Back to Table of Contents

T
HE
T
RIALS OF
H
ERCULES

 

1

H
ERC

The distant howl of the siren yanks me into consciousness. The vigile’s siren. If the resonant wail is within earshot, the situation is nearby and it’s my duty to respond. As a member of the vigiles, as the force’s commander, I’m never off duty.

I jerk up from where I lay. The quick motion sends my head swimming. I drop my hands to my side to steady myself. I expect to sink into the plush give of my bed’s feather mattress. Instead, cold tile greets my hands. My head swims again trying to understand. Trying to remember.

I grasp at the fog of a memory as I stare at my hand against the kitchen floor. My still spinning head can’t comprehend the color.

The tiles are beige, aren’t they?

It was what Meg had wanted when we’d been assigned vigile housing. I hadn’t minded the standard-issue gray, but Meg insisted the sandstone tiles would lighten up the dark interior of the home the polis issued us when we married.

What frames my hand is not beige, although the pale color can be glimpsed in harsh streaks. Around my hand, even on my hand, swirls the maroon red of blood that is just starting to coagulate.

Whose blood?

The hand-cranked siren’s rhythmic wooing grows louder. From fourteen years of service as a vigile, I know whoever is working the crank already has knots forming in his shoulder.

My blood?

I pat myself down. No injuries except an ache when I flex my hands. A familiar ache like the one I get on fall days from spending hours chopping wood in preparation for winter. The ache from gripping an axe handle for too long.

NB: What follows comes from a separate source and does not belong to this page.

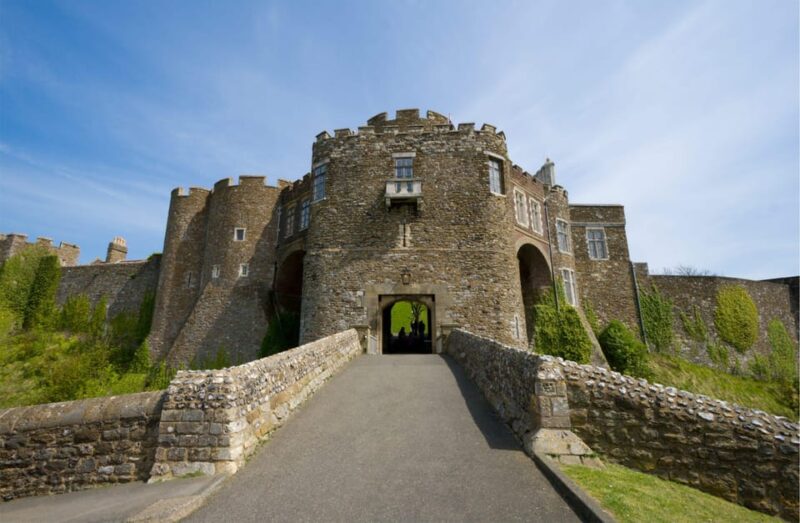 Dover Castle, White Cliffs, Leeds Castle: Private Tour - Dover Castle, White Cliffs, Leeds Castle: Private Tour (Kent)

The pain triggers something and an image bobs to the surface of my mind: My hands clenching, squeezing something small. Cassie’s doll? No, the memory is solid and the doll is made of cloth from one of Meg’s old dresses.

The approaching siren again pulls me back into focus. It has to be a response call to whatever has happened. My eyes dart over the room as I force aside the ever-growing scream of “Whose blood?” that threatens to devour my reason.

Then I see it.

A shape that reminds me of peeking in on Cassie while she sleeps. Few things warmed my heart more than seeing my children in their small beds with their arms tossed back in the confident lull of childhood sleep.

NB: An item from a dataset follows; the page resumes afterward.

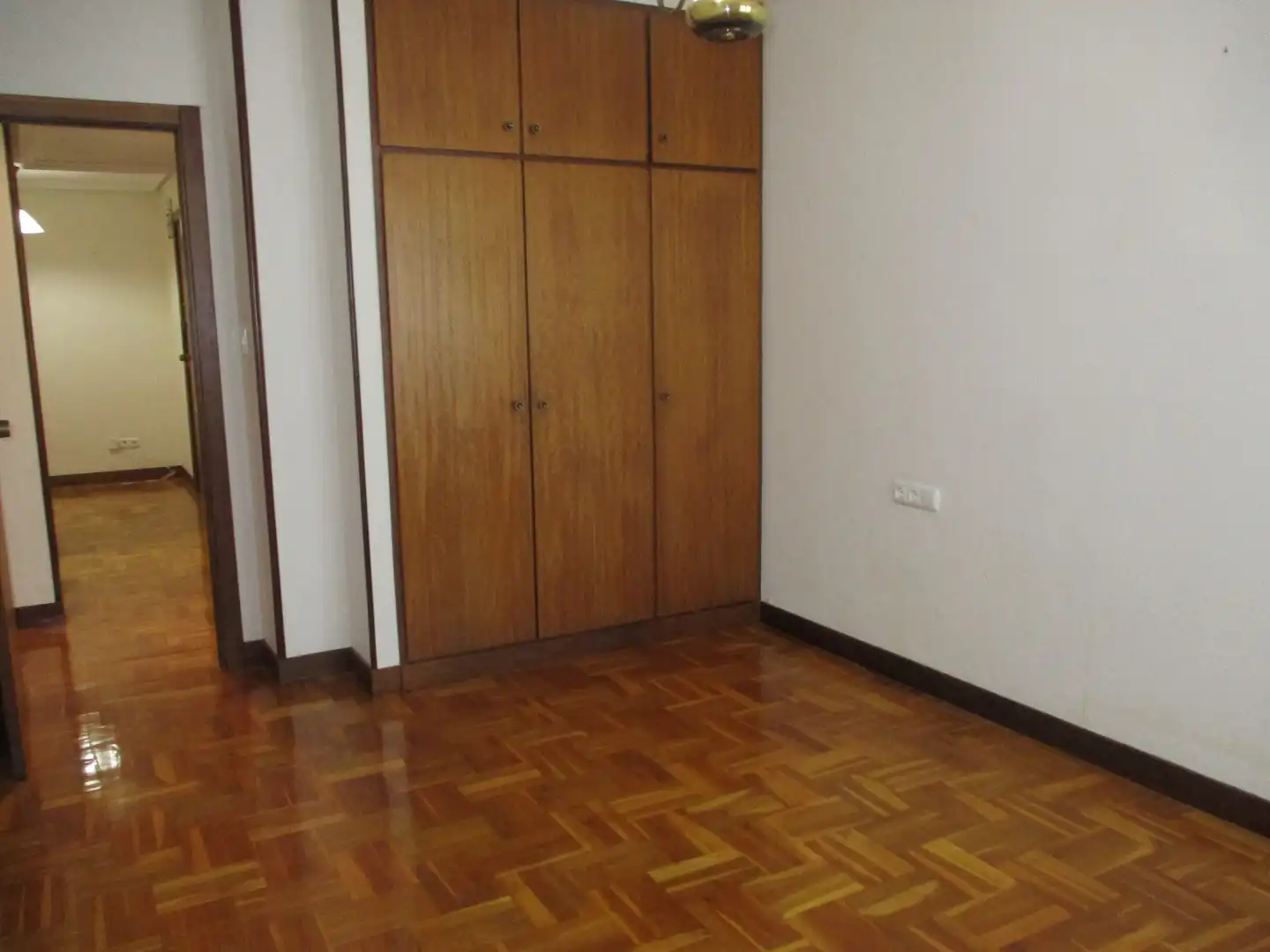 Habitación de Piso en venta en Donostia - San Sebastián  con Calefacción y Terraza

But on the floor. Why is she sleeping on the floor?

I watch a moment. My baby girl’s chest refuses to move with the rhythmic undulations of breathing. An icy hand digs into my gut.

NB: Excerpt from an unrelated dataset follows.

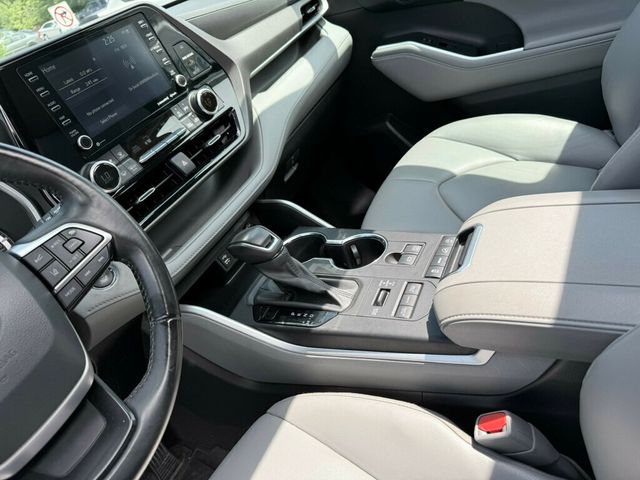 2022 Toyota Highlander XLE AWD - 22885246 - 26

Unable to stand, I scramble over on hands and knees. I clutch Cassie to me. Her head flops to the side. Her neck broken. I scream. The sound rings wildly in my ears but I can’t stop. She’s only a baby, not even a year old. She can’t be dead, not after Meg gave up her life to bring this child into the world. The gods cannot be that cruel.

Despite the ragdoll looseness of her body, I turn my head and place my ear on my daughter’s chest hoping to hear a heartbeat. I hear nothing but the siren.

Before I can curse the gods, my eyes lock on the floor.

Two swaths of maroon stripe their way from the kitchen into the pantry. Something has been dragged across the room.  A set of footprints smears the wispy swaths. The person who made them wore the treaded leather-soled sandals of a vigile who needs to cover unpaved terrain.

No, no, don’t let it be. Not the twins.

Still clutching Cassie to my chest, unwilling to let her be alone, I stagger into the pantry.

Don’t let it be. Don’t let it be.

The siren wails closer.

Oh, dear gods.

Forgetting caution on the blood-slicked floor, I dash to the bodies, slip in the mess, and come down hard on my knees next to them, next to the bloodied dagger discarded by whoever did this. Sergio and Sophia, my tow-headed twins, lie face down. Blood stains their linen white hair and seeps out from slashes in the fabric of their tunics. Their position disturbs me more than the blood, more than the wounds. A head lying face down should naturally turn to the side, unable to balance on nose and chin. My twins’ faces rest flat on the floor.

I gently lower Cassie to a tattered rug, brushing a lock of silky hair off her face.

The siren’s screech is now on my street. They will catch the person who did this. And then I will see that person sent to Hades.